Explore the art of David Keating
Thought-provoking perspectives on personal, social and philosophical concerns
What Critics Are Saying
“Keating’s photoworks and text again achieve a high level of artistry by leaving almost as much unsaid as do characters in a Henry James novel”
— Alan Artner, Chicago Tribune
“The spare installation defies the quick take, but transcends the tedium of individual story. The pictures have the crisp detail of hindsight, the camera shake that jars our firmest attachments, the uncontrolled exposure we direct at the future… Keating conveys the notion that each of us influences things just by being alive. Reason enough to make art, to fight death.”
— Casey Fitzsimons, Artweek
“The artist’s poetic pairings of photo and text and the extremely personal yet dignified tone of his writing give [Keating’s work] an elegaic power. Witnessing this work is rather like making the stations of his personal cross.”
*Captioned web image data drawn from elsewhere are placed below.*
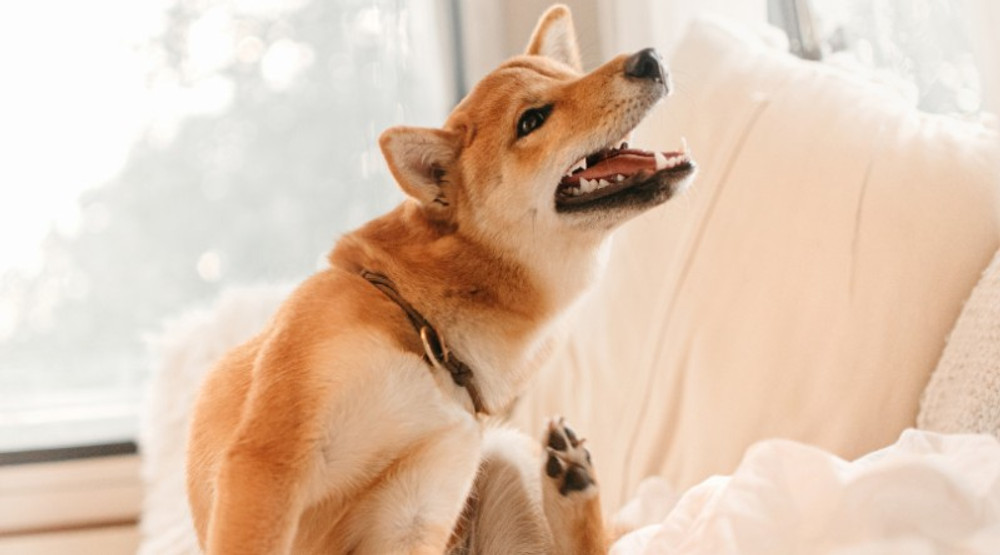 Naturopathic Approach to Parasites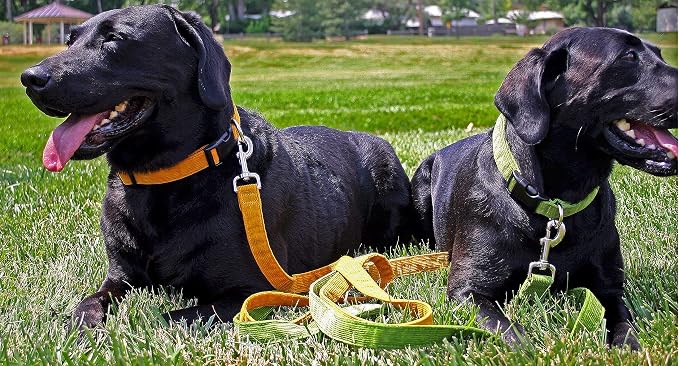 Hemp Corduroy Dog Collar - No Pattern (1/2" Small, Blue)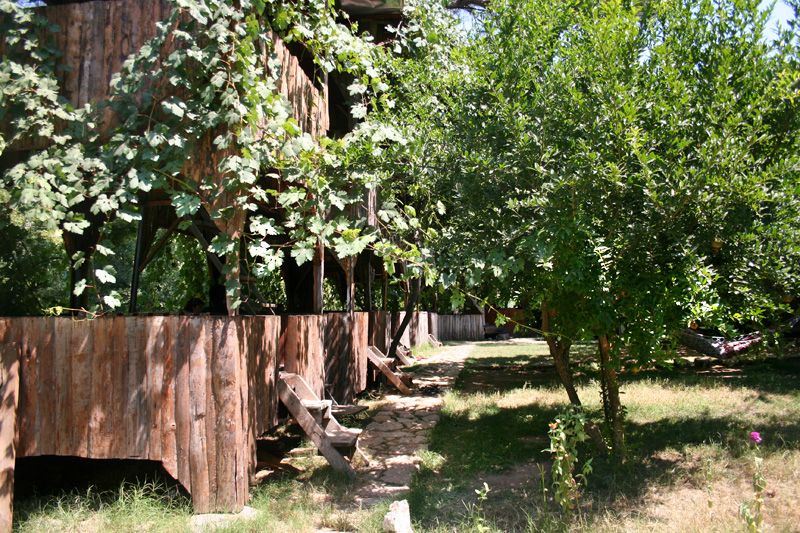 Olympos Çamlık Pansiyon photo 4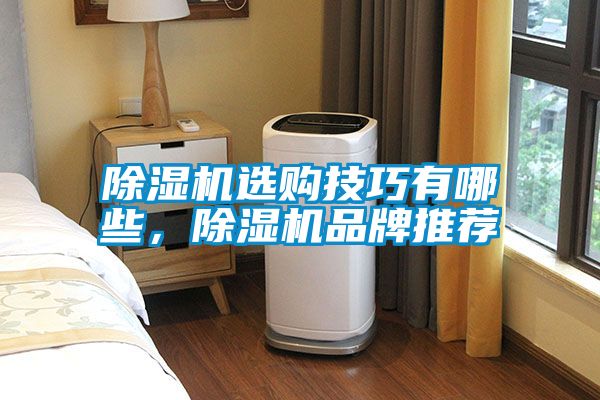 除濕機選購技巧有哪些，除濕機品牌推薦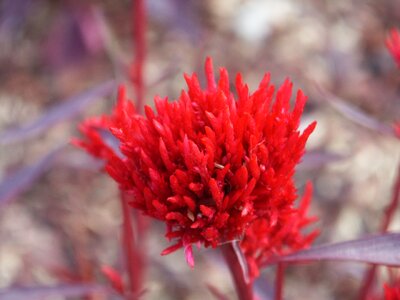 Blossom macro plant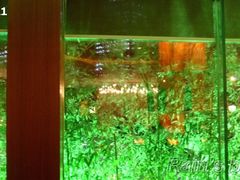 窗外的竹，随风狂舞-北京港澳中心瑞士酒店·瑞士咖啡厅·自助餐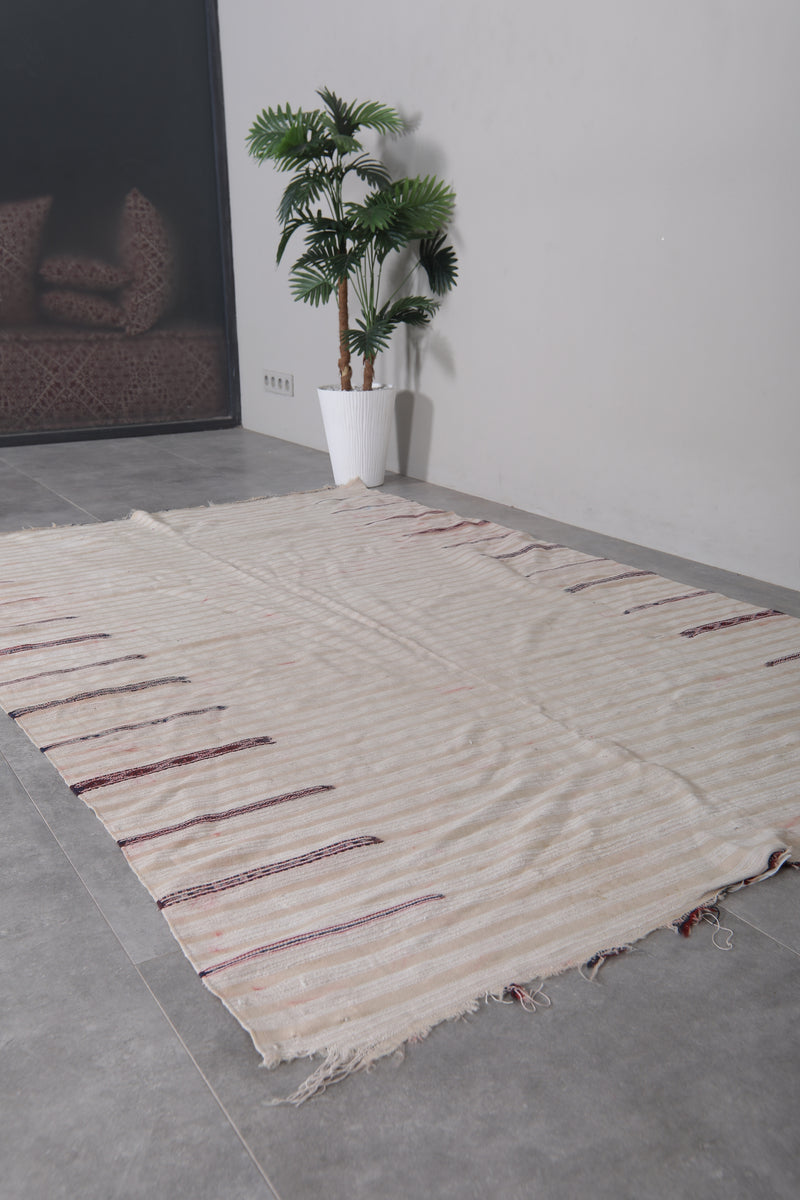 Handwoven Kilim Rug 4.9 FT X 7.8 FT – Artisan Craftsmanship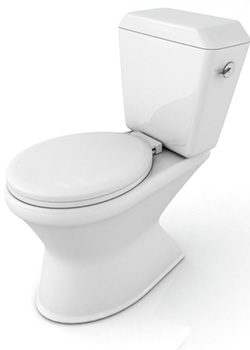 Commercial Toilet Installation in Plant City, Florida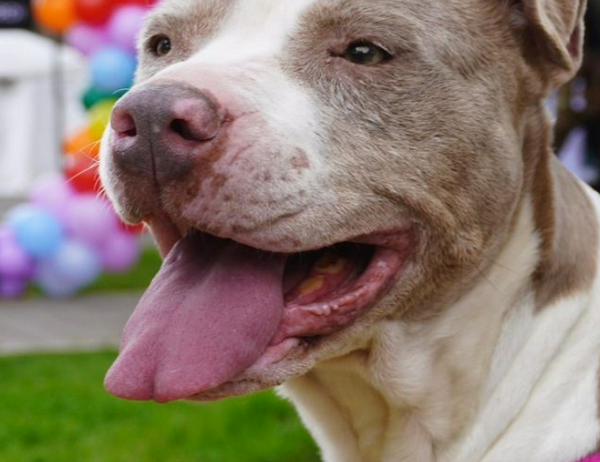 imagen principal home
— Ann Elliott Sherman, San Jose Metro
“[Keating] offers poetic combinations of images that are both topical and highly personal… [he] shows us that neither photographs nor texts can wholly convey the fullness of an individual’s self, which dances only half materialized between words and images.”
— Bonnie McLaughlin, Chicago Reader
“The space between the object and the subject that allows for dialogue forcefully emerges in the work of such artists as Derek Jarman, David Keating, and David Wojnarowicz. Although rage is hardly absent from any of these men’s works, it is articulated through a dialectic of life and death, sexuality and asceticism, and the private sphere played against the public. What issues forth is a collective sense of hypocrisy, inaction, and our mortality.”
— James Crump, New Art Examiner
Narrative Installations
“Even though the piece is centered around mortality, [Keating] doesn’t alienate the viewer or wallow in self-pity. Keating’s art simply reaches out for understanding with a life-affirming gesture... This family story is arguably the show’s most poignant piece. It speaks of the difficult times when our will to live is tested. [It] tells us that perhaps the warmth of human connections is the only thing with any real weight to make our lives meaningful.”
—Neil Kendricks, San Diego Union-Tribune
“With autobiographical work, it has long been my suspicion that photographers employ fiction as easily, believably, and readily as any novelist. In 1989, the photographer David Keating constructed an extraordinary photo/text series, We look at a situation, about his mother’s alcoholism. Framed sheets of typewritten text tell the saga of the alcoholic’s life; period-framed sepia blowups of attractive, upper-middle-class people accompany each panel. Highly descriptive and gracefully written, the text’s analytical detachment, a distanced but acute observation — even the series title claims a controlled neutrality — lends the quality of fiction to the story.
“In fact, the text was written by the subject about herself….”
—Carla Williams, “Reading Deeper: The Legacy of Dick and Jane in the Work of Clarissa Sligh,” IMAGE: Journal of Photography and Motion Pictures of George Eastman House
about David Keating
DAVID KEATING grew up in Rye, NY, and currently lives in Albuquerque, NM. He has a B.A. in Philosophy from Yale University and an M.A. and an M.F.A. in Studio Art from the University of New Mexico. Between masters' degrees he studied at the California Institute of the Arts.
David Keating’s artwork has been exhibited at museums and galleries across the U.S., including solo shows at George Eastman Museum and the UNM Art Museum, and group shows at the Smithsonian, the School of the Art Institute of Chicago, and the San Diego Museum of Photographic Arts. His work has been written about and reproduced in a number of periodicals in the U.S. and Mexico, and is the subject of a Harvard University master’s thesis. Keating is also a recipient of a National Endowment for the Arts Fellowship in Photography.